The contest, hosted at the American Black Film Festival in New York City this weekend, inspired 182 filmmakers to apply for a chance at a $10,000 prize and distribution via HBO’s various media platforms. The distribution opportunity is extended to all of the finalists who choose to sign licensing agreements with HBO to air their short films. The exposure is a rare opportunity that could quickly catapult one’s career as it did for competition alumni like Ryan Coogler (“Fruitvale Station”) and Sylvain White (“Stomp the Yard”).
“Stanhope,” written and directed by Solvan Naim took home the grand prize, but Patrick would agree that this opportunity helps lower barriers to entry for filmmakers seeking to break into the mainstream Hollywood or independent film market.
“This is the perfect time for black creators or artists to do short films,” says Patrick. “Now there are platforms to put work out in matter of minutes. So instead of feeling barriers or obstacles erected that we face as artists of color we can use the internet to be seen.”

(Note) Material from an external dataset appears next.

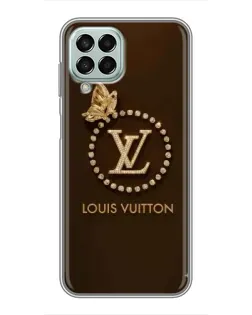 Чохол для Samsung Galaxy M33 (5G) (M336B) з картинкою «LV — золота печатка»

The opportunities now afforded to filmmakers of color through the advent of digital technology weren’t always available. Short films, an arguably grossly overlooked segment of the film industry, first attracted the attention of Michelle Materre, co-founder of the Creatively Speaking Film Series and Associate Professor of Media Studies and Film at the New School, around 19 years ago. The series became known for curating, packaging, and showcasing short films that Materre felt were being undervalued by the marketplace.
“At that time it was unusual to see a program of shorts. All these shorts were coming out of the African-American filmmaking community that had nowhere to go,” recalls Materre.
Since then many notable filmmakers have credited short films as helping to advance their careers from Malcolm D. Lee (“The Best Man”) to Shola Lynch (“Free Angela and All Political Prisoners”) to Dee Rees whose critically acclaimed feature-length film “Pariah” was based on a short.
In many ways they are indebted to pioneering filmmakers like William D. Foster. In 1912 he produced and directed the groundbreaking short film “The Railroad Porter” under his own enterprise, the Foster Photoplay Company. With the short film, Foster challenged Hollywood’s stereotypical depictions of black people and advocated for people of color to become stakeholders in the film marketplace.
“I think it shows and documents we do have a history in short films and a need for them still today. His legacy is prevalent as we still find an interest in shorts,” Materre says.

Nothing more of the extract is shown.